Web page caption snippets:
=== Begin Enclosure ===

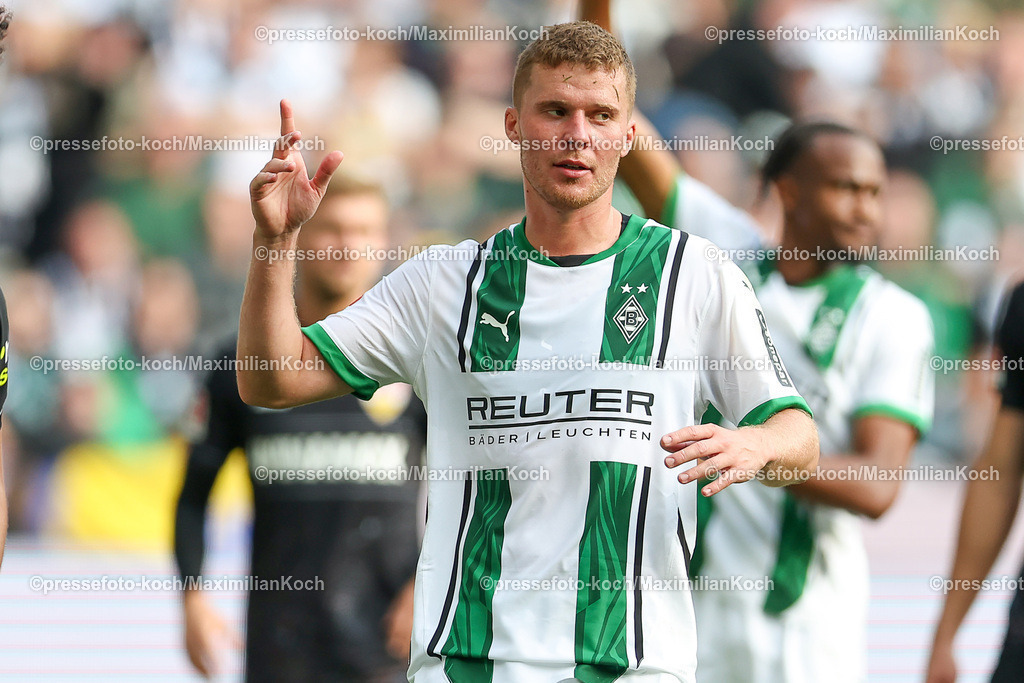 BMG14092402191 | 14.09.2024, 1. Fußball Bundesliga, Borussia Mönchengladbach - VfB Stuttgart, Borussia-Park, Saison 2024 2025: Nico Elvedi (Bor. Mönchengladbach #30) gestikulierendDFB regulations prohibit any use of photographs as image sequences and or quasi-video.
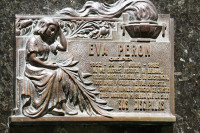 Continuam cu un tur pietonal catre cartierul Recoleta, unde putem vizita cimitirul cu acelasi nume, locul unde este inmormantata celebra sotie a fostului presedinte Juan Peron, Evita Peron.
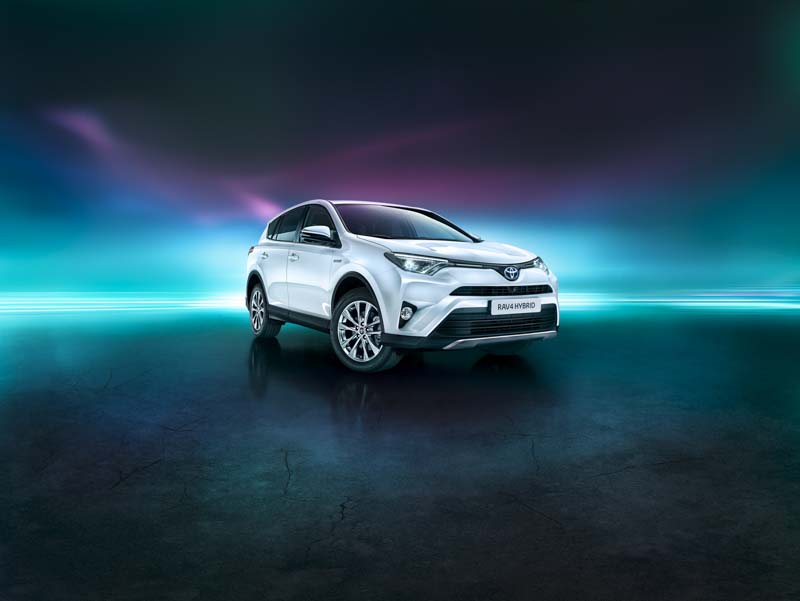 "Toyota testovací víkend" Oslávte 20 rokov hybridnej technológie Toyota s cenovým zvýhodnením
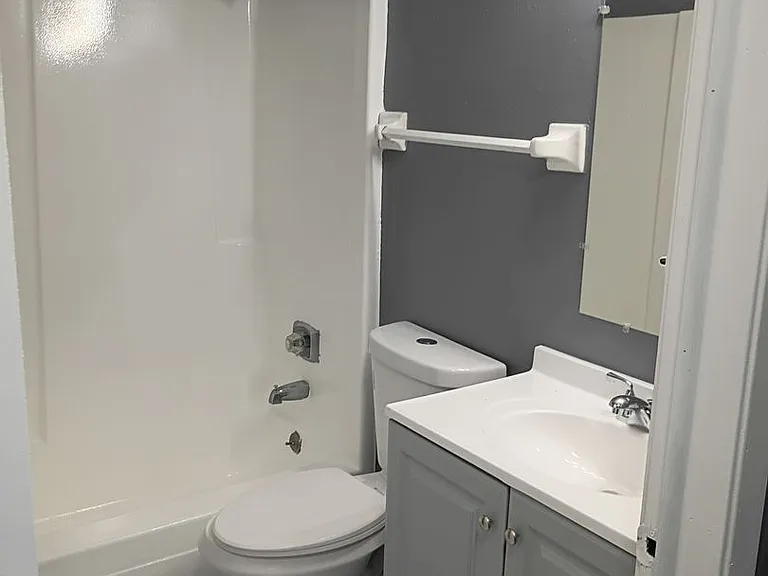 Oak Apartments in Kenosha — Photo 14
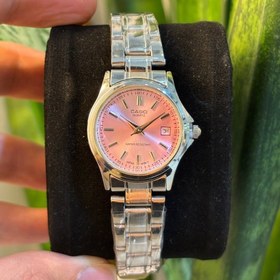 تصویر ساعت زنانه عقربه ای کاسیو CASIO صفحه گرد سرخابی بند استیل نقره ایی ضدآب کد 9190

=== End Enclosure ===

EXERCISE DIRECTIONS
Make a word-for-word copy of the records above, excluding all pictures.

OUTPUT FOR THIS EXERCISE
 BMG14092402191 | 14.09.2024, 1. Fußball Bundesliga, Borussia Mönchengladbach - VfB Stuttgart, Borussia-Park, Saison 2024 2025: Nico Elvedi (Bor. Mönchengladbach #30) gestikulierendDFB regulations prohibit any use of photographs as image sequences and or quasi-video.
 Continuam cu un tur pietonal catre cartierul Recoleta, unde putem vizita cimitirul cu acelasi nume, locul unde este inmormantata celebra sotie a fostului presedinte Juan Peron, Evita Peron.
 "Toyota testovací víkend" Oslávte 20 rokov hybridnej technológie Toyota s cenovým zvýhodnením
 Oak Apartments in Kenosha — Photo 14
 تصویر ساعت زنانه عقربه ای کاسیو CASIO صفحه گرد سرخابی بند استیل نقره ایی ضدآب کد 9190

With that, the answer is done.